Business is a constant battle: supplies want to charge you more, customers
want cheaper prices and higher quality, and competitors want you out of business
completely. This presentation will provide a new approach to strategic planning
with an eye toward execution: maneuver warfare applied to business. It will
not "turn the participants into Marines," but it will give them some
applicable tools for preparing, planning, and executing strategies that have
been proven repeatedly in practice. The discussion will include:
Preliminary and theoretical considerations - initial concepts and definitions
that frame assumptions and considerations prior to preparing an organization
to go into action and the planning and executing of any strategy. These will
include the Principles of War as applied to business, the concepts of friction,
uncertainty, fluidity, and disorder, moral versus physical forces, the complimentary
nature of offense and defense, and considerations of art and science.
Preparation - any organization moving toward implementation of a strategic
vision undertakes to be ready for the opportunities and challenges expected-it
looks inward. This ongoing process shapes the ultimate degree of success or
failure of the strategic plan. The process involves organization, doctrine,
leadership, training and education, and equipment, all to be addressed.

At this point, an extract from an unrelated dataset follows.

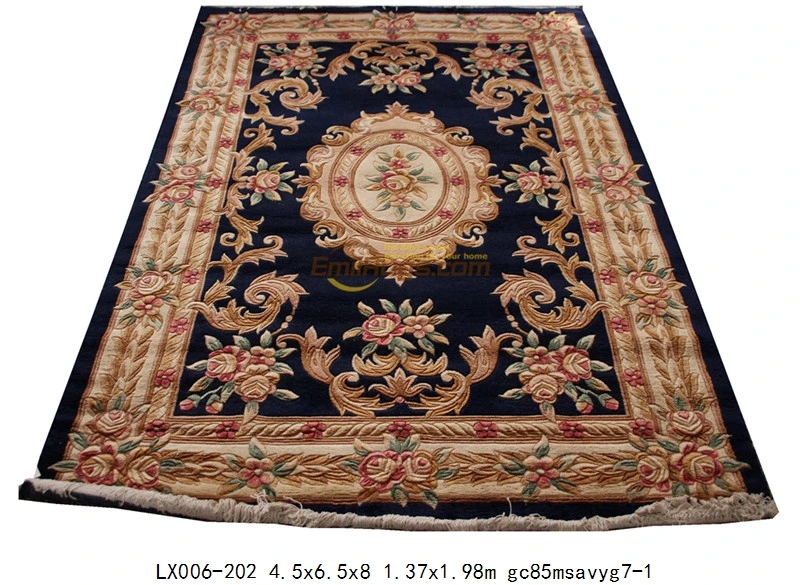 LX006-202 4.5x6.5 chinese wool carpets Hand Made French Wool Rug Mandala Home Decoration Carpet Rectangular Carpet Large Carpet - Цвет: LX006-202 4.5x6.5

Plans and execution - the culmination of forming and implementing a strategic
plan is when an organization sets out to conquer a realm beyond itself. Concepts
essential to this phase include philosophy of command versus control, shaping,
decision making, mission tactics, commander's intent, focus of effort, surfaces
and gaps, and combined arms.
Military jargon will be kept to a minimum and examples from business will be
used to illustrate the points explained. This presentation is meant to give
participants some new perspective on how to prevail in their business in simple
and effective terms without undue esoteric concepts.